"Os meus livros (que não sabem que existo) São uma parte de mim, como este rosto De têmporas e olhos já cinzentos Que em vão vou procurando nos espelhos" Jorge Luis Borges
quinta-feira, 28 de julho de 2011
Rui Manuel Amaral (2)
Uma pessoa feliz
"Innocentius Prioris era, sem dúvida alguma, uma pessoa feliz. Muito feliz. Desde sempre, profundamente feliz. Por isso, esfregava as mãos e girava sobre si mesmo cantarolando velhas valsas. E enchia o peito aspirando o ar com prazer, consciente de que era iluminado por uma boa estrelinha. E abria os braços e batia com os pés no chão, e mostrava os dentes amarelos, e deitava a língua de fora, e fazia piruetas, e dava gritinhos, porque se sentia muito feliz. E adormecia satisfeito e tinha sonhos felizes, e acordava cheio de felicidade. E dava graças a Deus e a Santo Inácio, e a todos os santos, e a todas as santas pela alegria concedida. Oh, era feliz, feliz, feliz, feliz.
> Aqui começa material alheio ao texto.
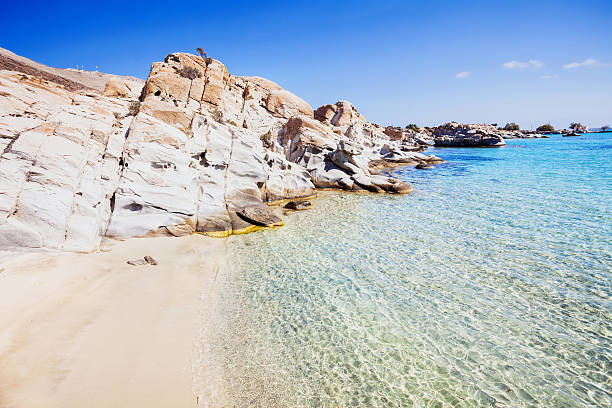 istock Beautiful bay in Greece 520293906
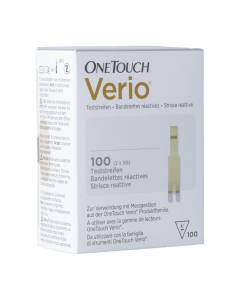 One touch verio bandelettes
E se multiplicássemos a sua boa fortuna por mil ainda ficaríamos longe da medida correcta da sua felicidade.
E pronto, é tudo.
Esperavam talvez que, de repente, alguma coisa conduzisse a história numa direcção totalmente diversa? Que irrompesse de algum lado um grão de areia, uma pedra, um vidrinho afiado que colocasse um ponto final em tanta felicidade? Compreendo. Mas não. Innocentius viveu e morreu feliz, muito, muito feliz. E não digo nada acerca da alegria com que foi recebido no Paraíso, por ser coisa óbvia."